Sin embargo, el mismo estudio muestra que un emprendimiento creativo no está libre de riesgos. De cada cien empresas creadas en 2013, cinco años después solo sobreviven treinta y ocho; y al examinar su evolución, cerca de la mitad de las empresas desaparece en los primeros tres años de operación.
Por su parte, los artistas dicen que hacen lo que les gusta, pero que les toca dedicar gran parte de su tiempo a otras actividades porque no les alcanza para vivir.
¿Qué implica que creadores y emprendedores se estén desdoblando para hacer sostenibles sus proyectos culturales? Cinco voces con trayectoria en el sector responden.
“NECESITABA TIEMPO MUERTO”
Laura Mora, cineasta
Medellín
Laura Mora es una cineasta paisa de treinta y ocho años que lleva buena parte de su vida dedicada a su oficio, pero que es ampliamente reconocida desde que en 2018 su película Matar a Jesús se llevó ovaciones en Colombia y el exterior. Hoy se dedica a dos cosas: a buscar la forma de sacar tiempo para terminar de escribir su próximo largometraje, Los reyes del mundo, y a cumplir con un contrato que firmó para codirigir una miniserie durante dos meses. Haber tomado este trabajo ha significado para ella dejar de pensar en su obra, pero a la vez le permitirá costear su vida durante 2020 y así meterse de lleno a producir la película.

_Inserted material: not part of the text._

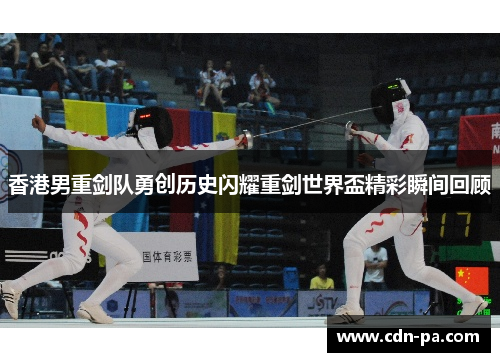 香港男重剑队勇创历史闪耀重剑世界盃精彩瞬间回顾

Mora dice que todavía no ha podido acostumbrarse a vivir así. “Cuando estoy en silencio y pienso en todo el mierdero interno que he armado, gracias a mi capacidad de autosabotaje, me doy cuenta de que la responsable he sido yo, solo yo, por lo nefasto de mis decisiones”, dice. Sin embargo, también sabe que todo podría ser mucho más arduo. Por ejemplo, el proceso de creación de Matar a Jesús: doce años le costó madurarla y por poco acaba emocionalmente con ella. (La película se basa en el asesinato de su padre a plena luz del día en Medellín en 2002.)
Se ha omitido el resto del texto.